Copyright 2025 Google LLC.

Licensed under the Apache License, Version 2.0 (the "License");

In [None]:
# @title TIPS Demo notebook

#  Licensed under the Apache License, Version 2.0 (the "License");
#  you may not use this file except in compliance with the License.
#  You may obtain a copy of the License at

#  https://www.apache.org/licenses/LICENSE-2.0

#  Unless required by applicable law or agreed to in writing, software
#  distributed under the License is distributed on an "AS IS" BASIS,
#  WITHOUT WARRANTIES OR CONDITIONS OF ANY KIND, either express or implied.
#  See the License for the specific language governing permissions and
#  limitations under the License.

### Imports and functions

Please follow the installation guide before you run the following cells.

In [1]:
import glob
import io
import os
import mediapy as media
import numpy as np
from PIL import Image
from PIL import Image
import tensorflow_text
from tips.pytorch import image_encoder
from tips.pytorch import text_encoder
from tips.scenic.utils import feature_viz
import torch
from torch import nn
import torch.nn.functional as F
from torchvision import transforms

IMAGE_MEAN = (0, 0, 0)
IMAGE_STD = (1.0, 1.0, 1.0)
PATCH_SIZE = 14
MAX_LEN = 64
VOCAB_SIZE = 32000


def load_image_bytes(file_name):
  with open(file_name, 'rb') as fd:
    image_bytes = io.BytesIO(fd.read())
    pil_image = Image.open(image_bytes)
    transform = transforms.Compose([
        transforms.Resize((image_size, image_size)),
        transforms.ToTensor(),
        transforms.Normalize(IMAGE_MEAN, IMAGE_STD),
    ])
    input_tensor = transform(pil_image)
    input_batch = input_tensor.unsqueeze(0)

  return input_batch



### Configure the TIPS model.

In [2]:
# Set the input image shape and variant.
image_size = 448  # @param {type: "number"}
variant = 'S'  # @param ['S', 'B', 'L', 'So400m', 'g']
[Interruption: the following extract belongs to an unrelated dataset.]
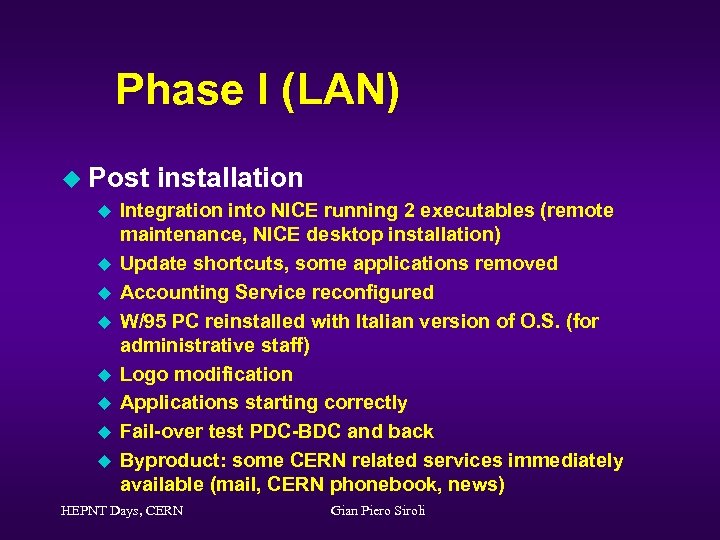 Phase I (LAN) u Post u u u u installation Integration into NICE running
# Add your images in this directory.
image_dir = '../scenic/images/'  # @param {type: "string"}
image_paths = glob.glob(os.path.join(image_dir, '*'))
# The text inputs to be contrasted.
text_inputs = [
    'A ship',
    'holidays',
    'a toy dinosaur',
    'Two astronauts',
    'A streetview image of a fastfood restaurant',
    'a cat',
    'a dog',
    'two cows',
]

# Add the checkpoints and tokenizer path.
image_encoder_checkpoint = 'tips_oss_s14_highres_distilled_vision.npz'  # @param {type: "string"}
text_encoder_checkpoint = 'tips_oss_s14_highres_distilled_text.npz'  # @param {type: "string"}
tokenizer_path = 'tokenizer.model'  # @param {type: "string"}

### Run Vision Encoder Inference.

In [3]:
# Load checkpoint.
weights_image = dict(np.load(image_encoder_checkpoint, allow_pickle=False))
for key in weights_image:
  weights_image[key] = torch.tensor(weights_image[key])
ffn_layer = 'swiglu' if variant == 'g' else 'mlp'

embeddings_image, spatial_features = [], []

with torch.no_grad():
  # Load the vision encoder.
  model_image = image_encoder.vit_small(
      img_size=image_size,
      patch_size=PATCH_SIZE,
      ffn_layer=ffn_layer,
      block_chunks=0,
      init_values=1.0,
      interpolate_antialias=True,
      interpolate_offset=0.0,
  )
  model_image.load_state_dict(weights_image)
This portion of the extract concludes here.